What to work on
Would you transcribe the entries below word for word, omitting all images?
*** Block opens ***
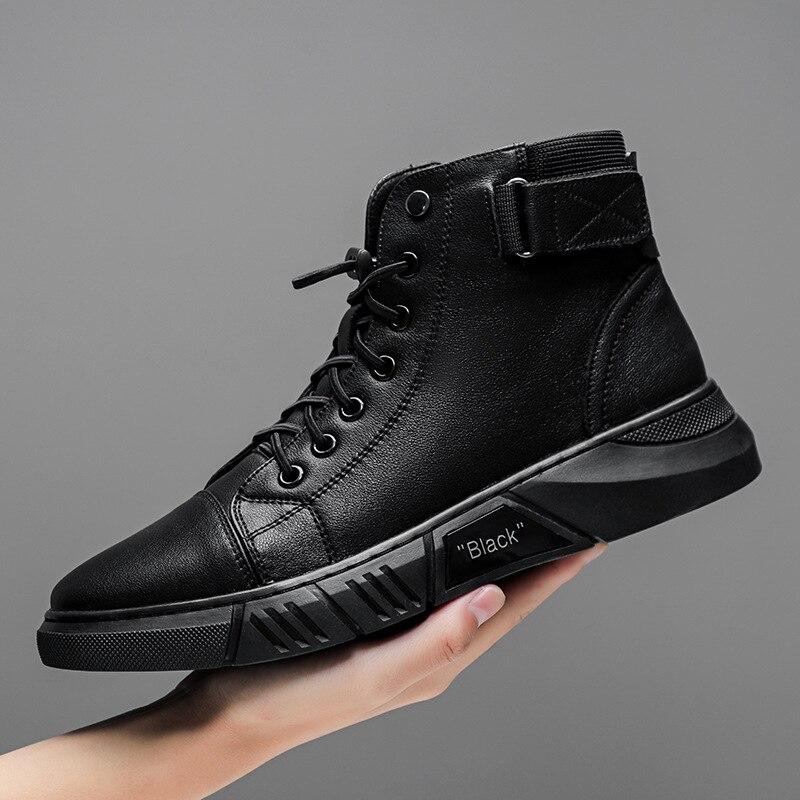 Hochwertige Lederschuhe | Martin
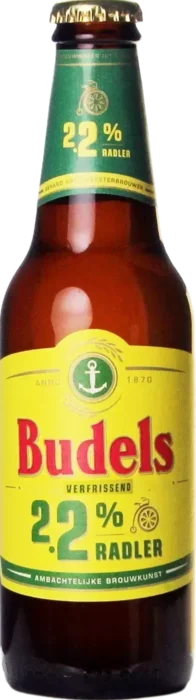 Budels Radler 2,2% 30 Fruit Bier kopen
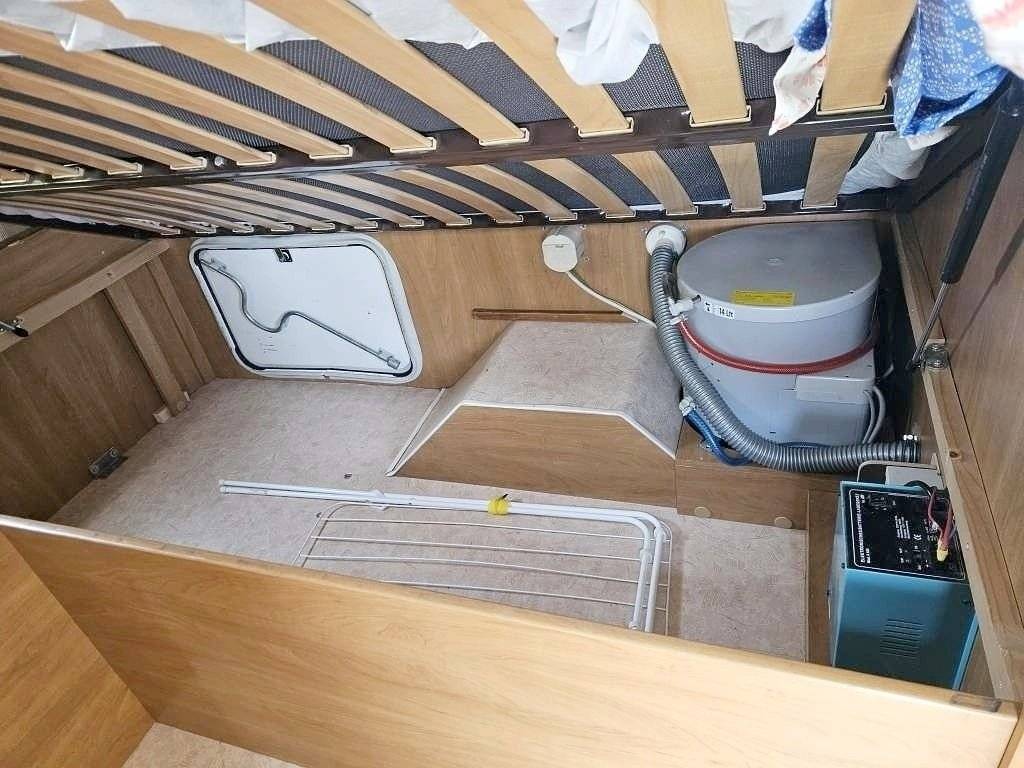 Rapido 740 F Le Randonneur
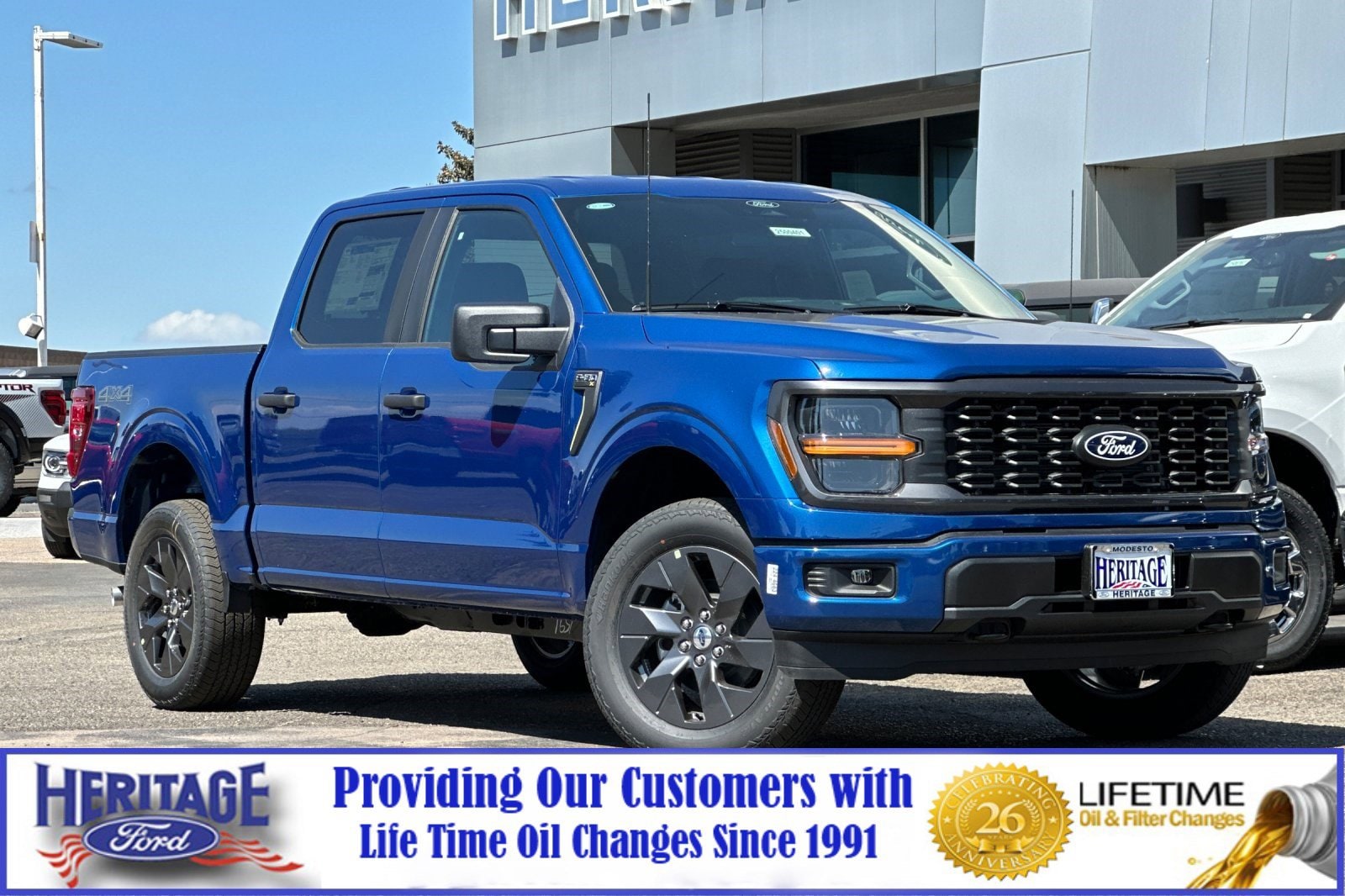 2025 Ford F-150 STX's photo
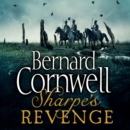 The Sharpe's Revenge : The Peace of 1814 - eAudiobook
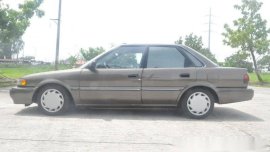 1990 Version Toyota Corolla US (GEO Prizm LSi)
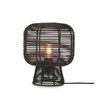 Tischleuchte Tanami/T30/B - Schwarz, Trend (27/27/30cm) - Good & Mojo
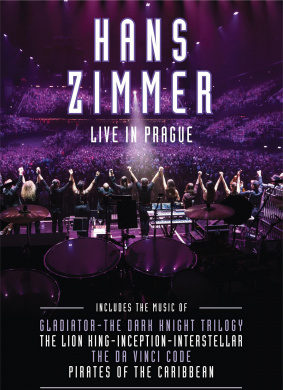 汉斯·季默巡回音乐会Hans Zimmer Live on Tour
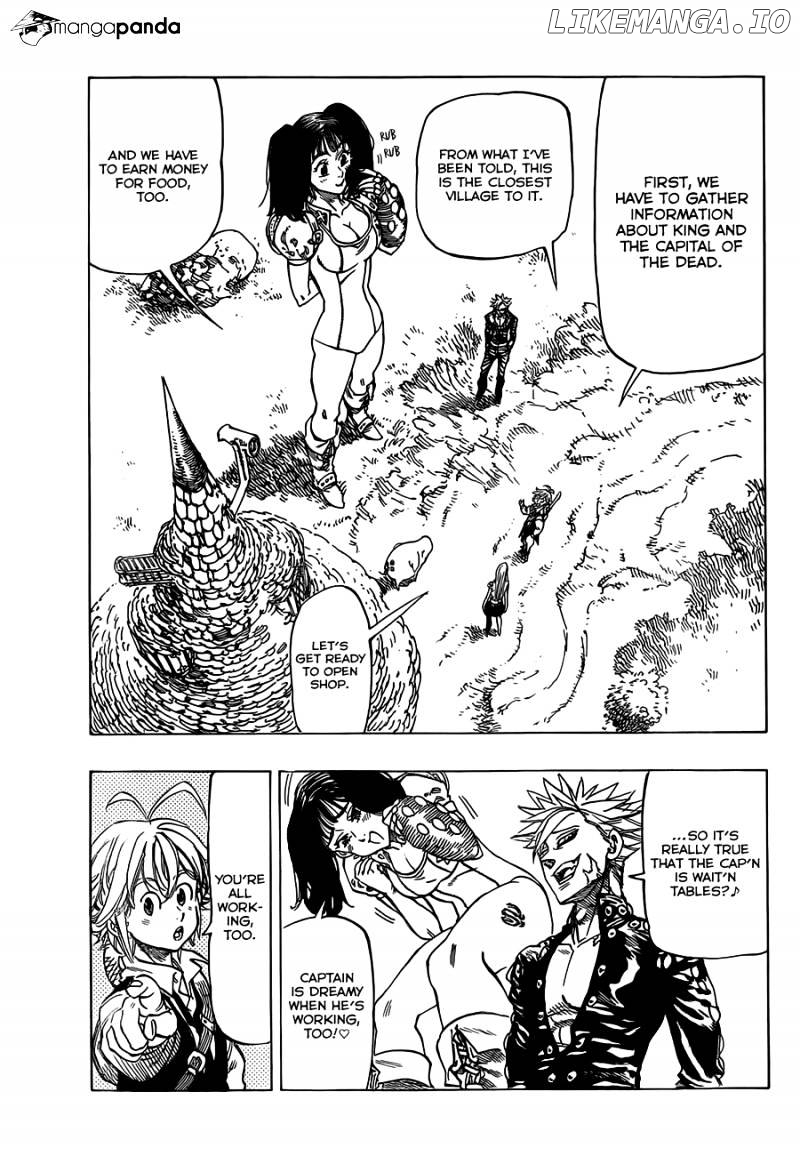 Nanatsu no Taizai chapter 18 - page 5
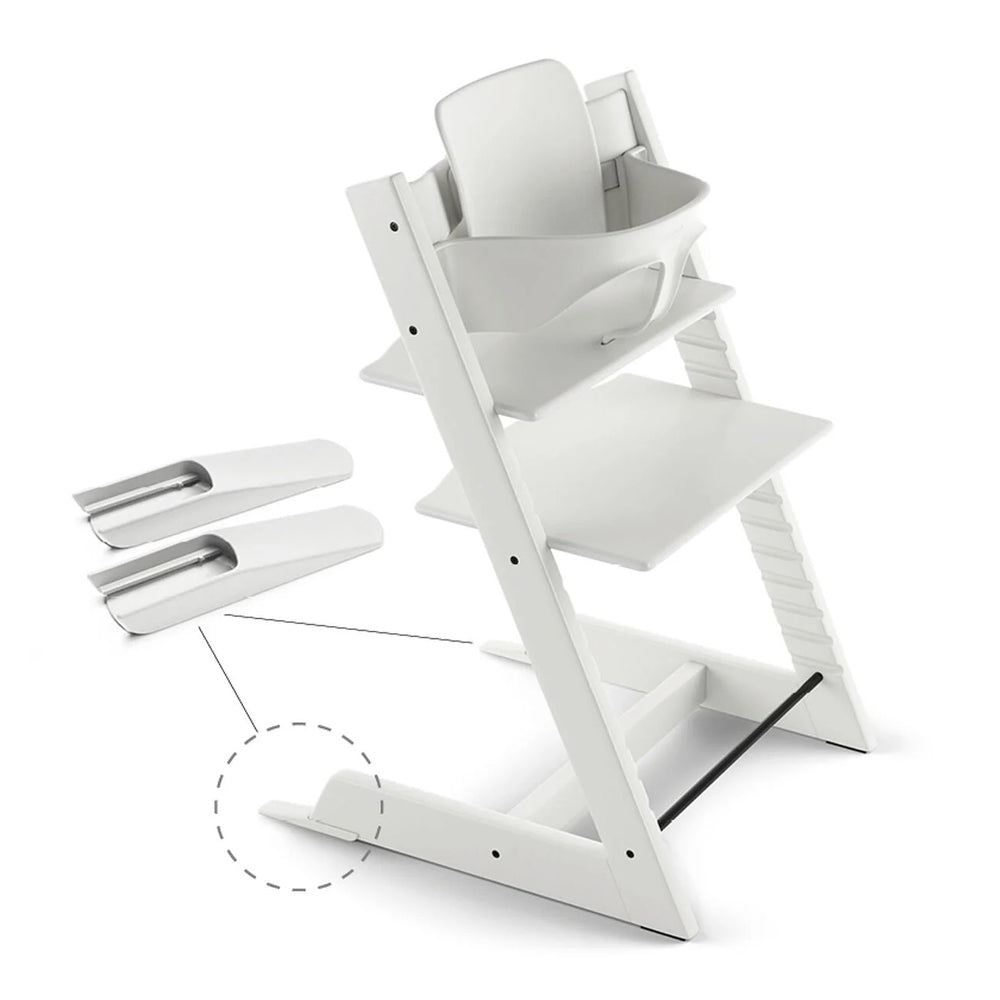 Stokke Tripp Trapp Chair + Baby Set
*** Block closes ***
Result
 Hochwertige Lederschuhe | Martin
 Budels Radler 2,2% 30 Fruit Bier kopen
 Rapido 740 F Le Randonneur
 2025 Ford F-150 STX's photo
 The Sharpe's Revenge : The Peace of 1814 - eAudiobook
 1990 Version Toyota Corolla US (GEO Prizm LSi)
 Tischleuchte Tanami/T30/B - Schwarz, Trend (27/27/30cm) - Good & Mojo
 汉斯·季默巡回音乐会Hans Zimmer Live on Tour
 Nanatsu no Taizai chapter 18 - page 5
 Stokke Tripp Trapp Chair + Baby Set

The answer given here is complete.